■ Problem to solve: Produce again, without any change, the lines running from the one with "ClientaHub dashboard preview" through the final line of the data below, and only those.

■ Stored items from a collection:

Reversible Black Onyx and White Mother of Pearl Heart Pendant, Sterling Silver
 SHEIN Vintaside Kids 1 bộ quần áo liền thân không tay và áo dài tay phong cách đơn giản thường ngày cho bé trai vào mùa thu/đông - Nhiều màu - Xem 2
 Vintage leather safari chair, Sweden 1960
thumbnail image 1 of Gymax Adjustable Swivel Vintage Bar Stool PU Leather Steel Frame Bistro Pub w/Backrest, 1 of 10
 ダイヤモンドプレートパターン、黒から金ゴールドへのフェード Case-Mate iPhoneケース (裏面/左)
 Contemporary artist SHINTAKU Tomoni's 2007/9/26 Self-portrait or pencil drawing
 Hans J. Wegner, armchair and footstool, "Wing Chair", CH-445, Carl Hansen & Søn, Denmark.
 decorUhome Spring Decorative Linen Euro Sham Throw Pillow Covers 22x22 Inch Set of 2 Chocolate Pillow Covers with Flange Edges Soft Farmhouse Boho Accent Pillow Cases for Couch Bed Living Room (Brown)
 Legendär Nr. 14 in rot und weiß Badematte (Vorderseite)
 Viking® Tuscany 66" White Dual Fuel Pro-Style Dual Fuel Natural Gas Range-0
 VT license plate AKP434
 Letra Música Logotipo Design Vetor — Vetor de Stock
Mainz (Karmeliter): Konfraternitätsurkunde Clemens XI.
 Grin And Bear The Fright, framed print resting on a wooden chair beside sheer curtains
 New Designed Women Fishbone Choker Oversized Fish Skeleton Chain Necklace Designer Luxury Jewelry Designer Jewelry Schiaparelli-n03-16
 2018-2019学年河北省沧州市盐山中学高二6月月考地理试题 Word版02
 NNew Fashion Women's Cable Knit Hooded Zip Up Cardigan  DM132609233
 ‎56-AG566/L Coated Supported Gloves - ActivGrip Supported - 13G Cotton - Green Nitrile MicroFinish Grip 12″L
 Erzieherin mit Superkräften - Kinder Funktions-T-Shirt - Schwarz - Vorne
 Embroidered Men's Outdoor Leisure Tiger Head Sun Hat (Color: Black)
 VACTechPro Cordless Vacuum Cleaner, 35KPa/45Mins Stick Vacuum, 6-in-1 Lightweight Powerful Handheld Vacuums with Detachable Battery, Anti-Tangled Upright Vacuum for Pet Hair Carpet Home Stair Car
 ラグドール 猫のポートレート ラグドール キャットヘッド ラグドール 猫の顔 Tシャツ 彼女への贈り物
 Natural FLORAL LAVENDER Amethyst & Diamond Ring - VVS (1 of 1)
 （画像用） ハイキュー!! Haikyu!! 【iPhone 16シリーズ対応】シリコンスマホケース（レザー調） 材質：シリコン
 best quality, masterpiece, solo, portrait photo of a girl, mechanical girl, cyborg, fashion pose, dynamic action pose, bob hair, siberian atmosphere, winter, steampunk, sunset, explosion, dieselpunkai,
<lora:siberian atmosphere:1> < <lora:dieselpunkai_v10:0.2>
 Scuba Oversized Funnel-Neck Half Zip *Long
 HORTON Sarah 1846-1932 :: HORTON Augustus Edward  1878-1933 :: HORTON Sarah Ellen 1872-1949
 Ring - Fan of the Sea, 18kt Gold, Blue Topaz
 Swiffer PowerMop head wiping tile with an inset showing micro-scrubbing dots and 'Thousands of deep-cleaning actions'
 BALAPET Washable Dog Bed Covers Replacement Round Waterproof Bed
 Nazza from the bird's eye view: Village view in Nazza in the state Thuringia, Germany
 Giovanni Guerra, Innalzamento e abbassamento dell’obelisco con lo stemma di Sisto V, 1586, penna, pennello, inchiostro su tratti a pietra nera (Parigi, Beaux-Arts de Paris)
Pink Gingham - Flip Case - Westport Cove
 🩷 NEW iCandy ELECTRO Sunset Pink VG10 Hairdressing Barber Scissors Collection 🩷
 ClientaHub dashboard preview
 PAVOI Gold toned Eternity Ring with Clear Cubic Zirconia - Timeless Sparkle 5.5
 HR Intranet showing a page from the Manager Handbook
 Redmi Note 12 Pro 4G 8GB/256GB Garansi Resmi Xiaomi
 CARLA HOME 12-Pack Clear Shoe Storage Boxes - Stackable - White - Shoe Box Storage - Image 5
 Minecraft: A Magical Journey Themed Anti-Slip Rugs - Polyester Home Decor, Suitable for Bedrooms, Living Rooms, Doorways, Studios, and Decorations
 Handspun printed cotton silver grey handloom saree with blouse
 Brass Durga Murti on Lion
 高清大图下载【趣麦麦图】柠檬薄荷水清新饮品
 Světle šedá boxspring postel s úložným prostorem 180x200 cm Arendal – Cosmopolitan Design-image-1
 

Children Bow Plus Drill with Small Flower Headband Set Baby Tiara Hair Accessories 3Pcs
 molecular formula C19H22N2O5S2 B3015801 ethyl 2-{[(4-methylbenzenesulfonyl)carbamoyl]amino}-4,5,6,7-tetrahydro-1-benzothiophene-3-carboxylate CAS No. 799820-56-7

■ Answer section:
 ClientaHub dashboard preview
 PAVOI Gold toned Eternity Ring with Clear Cubic Zirconia - Timeless Sparkle 5.5
 HR Intranet showing a page from the Manager Handbook
 Redmi Note 12 Pro 4G 8GB/256GB Garansi Resmi Xiaomi
 CARLA HOME 12-Pack Clear Shoe Storage Boxes - Stackable - White - Shoe Box Storage - Image 5
 Minecraft: A Magical Journey Themed Anti-Slip Rugs - Polyester Home Decor, Suitable for Bedrooms, Living Rooms, Doorways, Studios, and Decorations
 Handspun printed cotton silver grey handloom saree with blouse
 Brass Durga Murti on Lion
 高清大图下载【趣麦麦图】柠檬薄荷水清新饮品
 Světle šedá boxspring postel s úložným prostorem 180x200 cm Arendal – Cosmopolitan Design-image-1
 

Children Bow Plus Drill with Small Flower Headband Set Baby Tiara Hair Accessories 3Pcs
 molecular formula C19H22N2O5S2 B3015801 ethyl 2-{[(4-methylbenzenesulfonyl)carbamoyl]amino}-4,5,6,7-tetrahydro-1-benzothiophene-3-carboxylate CAS No. 799820-56-7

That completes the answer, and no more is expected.